A $1 million federal grant aims to tackle opioid and other substance abuse across the Upper Midwest, and a generous portion of that money will be making its way into Becker County.
The three-year grant starts in September and is from the federal Health Resources and Services Administration, an agency of the U.S. Department of Health and Human Services.
The award was given to the Upper Midwest Rural Opioid Response Project, which encompasses a number of diverse groups and organizations from Minnesota, North Dakota and Wisconsin — including the HOPE Project, an offshoot of Becker County Energize that addresses substance abuse as well as the issues of mental health and childhood trauma.
The grant targets rural areas across the Upper Midwest, with a particular focus on two "pilot" sites in Minnesota that have demonstrated the greatest need for substance abuse services. One of those pilot sites is a three-county area that includes Becker County, along with Clearwater and Mahnomen counties. The other pilot site is northern St. Louis County.
The grant is intended to help communities implement, enhance and sustain effective prevention, treatment and recovery services for opioid and other substance use disorders.
Pat Conway, a research scientist at the Essentia Institute of Rural Health and the lead writer behind this grant, said the funding means more people who are struggling with substance abuse disorders will be able to get the help they need, which will have a positive affect on them, their loved ones, and through the ripple effect, the entire community.
“People’s lives will be better” because of this grant, Conway said.
Grant dollars will be used to integrate behavioral health services into primary care, as well as pay for relevant programming and workforce development. It will cover some costs of Naloxone, which is used to treat narcotic overdoses in emergencies, and will improve the availability of medication-assisted addiction treatment.
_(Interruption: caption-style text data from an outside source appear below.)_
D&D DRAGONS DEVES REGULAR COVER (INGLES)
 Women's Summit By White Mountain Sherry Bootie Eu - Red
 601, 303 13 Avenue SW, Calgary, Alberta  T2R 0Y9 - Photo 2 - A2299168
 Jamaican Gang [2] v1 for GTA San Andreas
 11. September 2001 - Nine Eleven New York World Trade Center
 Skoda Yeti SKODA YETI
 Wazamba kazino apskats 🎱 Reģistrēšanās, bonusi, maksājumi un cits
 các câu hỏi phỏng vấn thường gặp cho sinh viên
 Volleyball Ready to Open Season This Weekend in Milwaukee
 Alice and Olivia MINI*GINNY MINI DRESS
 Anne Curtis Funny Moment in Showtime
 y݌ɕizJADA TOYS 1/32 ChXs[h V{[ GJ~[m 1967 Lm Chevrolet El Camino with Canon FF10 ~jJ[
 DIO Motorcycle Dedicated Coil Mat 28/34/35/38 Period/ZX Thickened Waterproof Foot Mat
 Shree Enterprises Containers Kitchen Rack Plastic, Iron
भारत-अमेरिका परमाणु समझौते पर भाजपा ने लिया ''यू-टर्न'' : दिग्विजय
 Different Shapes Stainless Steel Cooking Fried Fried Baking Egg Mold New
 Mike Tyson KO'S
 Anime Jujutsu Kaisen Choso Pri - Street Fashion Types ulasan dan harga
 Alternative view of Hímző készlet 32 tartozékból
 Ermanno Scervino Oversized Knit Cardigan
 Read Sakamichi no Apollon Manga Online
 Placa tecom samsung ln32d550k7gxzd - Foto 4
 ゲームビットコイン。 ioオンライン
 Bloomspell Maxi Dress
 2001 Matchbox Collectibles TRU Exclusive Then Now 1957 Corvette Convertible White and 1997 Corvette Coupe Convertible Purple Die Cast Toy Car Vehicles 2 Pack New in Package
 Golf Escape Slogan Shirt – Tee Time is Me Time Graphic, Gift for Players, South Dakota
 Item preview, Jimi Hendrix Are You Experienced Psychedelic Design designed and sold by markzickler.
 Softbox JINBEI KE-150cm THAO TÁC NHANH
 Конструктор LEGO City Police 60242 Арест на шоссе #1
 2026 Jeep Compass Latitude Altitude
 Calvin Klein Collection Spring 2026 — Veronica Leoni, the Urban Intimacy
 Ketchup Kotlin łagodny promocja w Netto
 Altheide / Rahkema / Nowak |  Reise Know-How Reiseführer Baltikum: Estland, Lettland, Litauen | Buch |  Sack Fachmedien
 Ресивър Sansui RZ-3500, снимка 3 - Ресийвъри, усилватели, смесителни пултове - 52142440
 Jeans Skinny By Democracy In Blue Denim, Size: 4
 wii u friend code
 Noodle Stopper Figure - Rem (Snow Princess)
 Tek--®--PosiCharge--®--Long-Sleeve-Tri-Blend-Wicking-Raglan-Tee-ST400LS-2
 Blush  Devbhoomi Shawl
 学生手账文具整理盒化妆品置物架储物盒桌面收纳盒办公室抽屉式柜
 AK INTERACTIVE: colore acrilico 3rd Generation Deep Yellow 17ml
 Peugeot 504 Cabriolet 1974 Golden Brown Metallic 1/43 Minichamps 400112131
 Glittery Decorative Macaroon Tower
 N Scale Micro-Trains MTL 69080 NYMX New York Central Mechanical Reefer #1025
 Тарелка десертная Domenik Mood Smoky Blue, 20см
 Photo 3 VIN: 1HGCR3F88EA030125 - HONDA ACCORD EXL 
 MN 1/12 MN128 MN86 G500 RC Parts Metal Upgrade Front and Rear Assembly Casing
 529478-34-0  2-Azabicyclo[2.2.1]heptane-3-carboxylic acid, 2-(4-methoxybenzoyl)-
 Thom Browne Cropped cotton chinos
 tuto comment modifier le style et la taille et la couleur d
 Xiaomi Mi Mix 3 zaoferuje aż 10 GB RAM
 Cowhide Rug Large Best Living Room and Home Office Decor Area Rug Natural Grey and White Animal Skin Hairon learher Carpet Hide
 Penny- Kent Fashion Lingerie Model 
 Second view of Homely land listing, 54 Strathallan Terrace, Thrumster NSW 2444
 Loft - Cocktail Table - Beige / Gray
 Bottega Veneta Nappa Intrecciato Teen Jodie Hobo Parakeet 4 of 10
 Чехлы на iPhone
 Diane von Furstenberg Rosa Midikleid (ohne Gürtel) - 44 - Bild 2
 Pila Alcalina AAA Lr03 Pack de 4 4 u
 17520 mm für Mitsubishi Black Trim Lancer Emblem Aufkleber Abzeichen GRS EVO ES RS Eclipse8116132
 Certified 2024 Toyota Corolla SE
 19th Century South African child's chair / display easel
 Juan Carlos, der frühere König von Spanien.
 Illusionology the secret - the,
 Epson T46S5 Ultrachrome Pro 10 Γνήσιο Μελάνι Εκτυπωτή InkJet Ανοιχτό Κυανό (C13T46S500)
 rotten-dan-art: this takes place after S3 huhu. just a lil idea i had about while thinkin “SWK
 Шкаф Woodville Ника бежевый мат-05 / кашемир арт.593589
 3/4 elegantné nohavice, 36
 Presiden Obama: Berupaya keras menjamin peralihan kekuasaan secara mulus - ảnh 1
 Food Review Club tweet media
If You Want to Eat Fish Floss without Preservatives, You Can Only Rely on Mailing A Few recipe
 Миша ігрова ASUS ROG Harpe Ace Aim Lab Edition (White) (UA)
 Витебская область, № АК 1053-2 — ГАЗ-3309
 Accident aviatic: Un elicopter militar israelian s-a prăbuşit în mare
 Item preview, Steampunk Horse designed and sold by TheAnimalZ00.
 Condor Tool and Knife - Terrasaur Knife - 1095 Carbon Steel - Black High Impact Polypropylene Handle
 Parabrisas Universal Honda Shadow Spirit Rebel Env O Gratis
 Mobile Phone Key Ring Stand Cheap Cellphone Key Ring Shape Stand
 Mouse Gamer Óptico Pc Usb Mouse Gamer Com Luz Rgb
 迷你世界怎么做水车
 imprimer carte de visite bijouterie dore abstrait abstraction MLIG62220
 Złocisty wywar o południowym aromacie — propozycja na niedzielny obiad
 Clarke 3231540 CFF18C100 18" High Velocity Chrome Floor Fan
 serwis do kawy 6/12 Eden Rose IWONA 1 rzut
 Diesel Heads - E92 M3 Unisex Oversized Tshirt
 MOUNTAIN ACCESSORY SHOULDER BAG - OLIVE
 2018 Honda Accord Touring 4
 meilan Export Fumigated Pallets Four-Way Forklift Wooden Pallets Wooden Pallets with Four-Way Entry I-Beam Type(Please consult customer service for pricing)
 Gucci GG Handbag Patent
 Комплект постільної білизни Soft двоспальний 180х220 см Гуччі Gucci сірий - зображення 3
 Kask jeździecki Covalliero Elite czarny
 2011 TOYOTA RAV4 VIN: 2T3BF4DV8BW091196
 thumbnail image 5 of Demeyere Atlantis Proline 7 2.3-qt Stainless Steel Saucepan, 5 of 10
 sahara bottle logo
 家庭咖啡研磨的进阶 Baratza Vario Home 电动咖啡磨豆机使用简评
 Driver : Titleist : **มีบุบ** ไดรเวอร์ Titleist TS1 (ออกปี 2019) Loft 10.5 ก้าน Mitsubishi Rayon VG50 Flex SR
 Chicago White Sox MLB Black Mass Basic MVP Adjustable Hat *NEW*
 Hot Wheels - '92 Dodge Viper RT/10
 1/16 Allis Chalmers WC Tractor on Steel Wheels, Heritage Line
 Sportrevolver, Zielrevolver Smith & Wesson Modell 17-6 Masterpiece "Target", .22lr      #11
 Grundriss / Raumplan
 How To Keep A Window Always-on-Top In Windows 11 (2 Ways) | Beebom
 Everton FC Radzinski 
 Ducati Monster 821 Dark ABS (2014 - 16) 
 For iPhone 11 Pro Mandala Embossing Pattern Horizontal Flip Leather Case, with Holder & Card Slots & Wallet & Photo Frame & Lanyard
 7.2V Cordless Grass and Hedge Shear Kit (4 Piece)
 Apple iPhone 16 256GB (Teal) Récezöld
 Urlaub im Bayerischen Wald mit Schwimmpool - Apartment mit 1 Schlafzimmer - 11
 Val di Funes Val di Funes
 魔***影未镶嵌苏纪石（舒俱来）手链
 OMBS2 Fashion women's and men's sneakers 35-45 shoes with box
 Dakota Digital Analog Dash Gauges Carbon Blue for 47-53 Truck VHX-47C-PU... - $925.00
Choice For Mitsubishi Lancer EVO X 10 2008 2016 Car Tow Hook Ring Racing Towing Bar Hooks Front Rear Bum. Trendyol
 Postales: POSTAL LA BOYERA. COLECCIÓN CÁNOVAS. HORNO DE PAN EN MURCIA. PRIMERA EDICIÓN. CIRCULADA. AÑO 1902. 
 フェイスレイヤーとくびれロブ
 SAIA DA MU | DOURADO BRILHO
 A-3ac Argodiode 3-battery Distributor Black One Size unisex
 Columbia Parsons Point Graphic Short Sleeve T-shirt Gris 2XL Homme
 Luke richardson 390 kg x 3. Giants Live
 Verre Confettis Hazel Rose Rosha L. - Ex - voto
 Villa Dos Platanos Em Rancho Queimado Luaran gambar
In addition, the grant will support the urban hubs of Duluth and Fargo, which have primary care clinics and community networks that provide specialty care and consultation for substance use disorders. It will also support the continued growth of "rural spokes" of care that offer similar resources. Detroit Lakes is one of those spokes.
This grant will keep community members and organizations working together to “build on strengths in the community, and identify and fill in gaps,” Conway said. “We’re going to work very hard over the next three years to implement (the grant’s goals). We’re going to work on creating a really robust system in the community, to make a difference.”
“It’s about collective impact,” said Karen Pifher, West Community Health Manager for Becker County Energize, which is supported by Essentia Health-St. Mary’s. “It’s not about what I’m doing or you’re doing, it’s about .... connecting resources — ‘How can we work together to increase the capacity to serve?’”
Substance abuse is a major concern in Detroit Lakes. According to information provided by Pifher, 945 people in the county were in treatment for chemical dependency in 2017, and there were 219 drug-related arrests. And in 2018, 23% of all obstetric meconium cord tissue tests were positive for chemical use.
The grant funding could help bring those numbers down. It aims to bring more medication-assisted treatment options and care coordination support staff to Essentia Health in Detroit Lakes, so that people who visit Essentia wanting substance abuse treatment will be able to get faster referrals, and will have a designated person to help them navigate the system and stay on the right path throughout the process.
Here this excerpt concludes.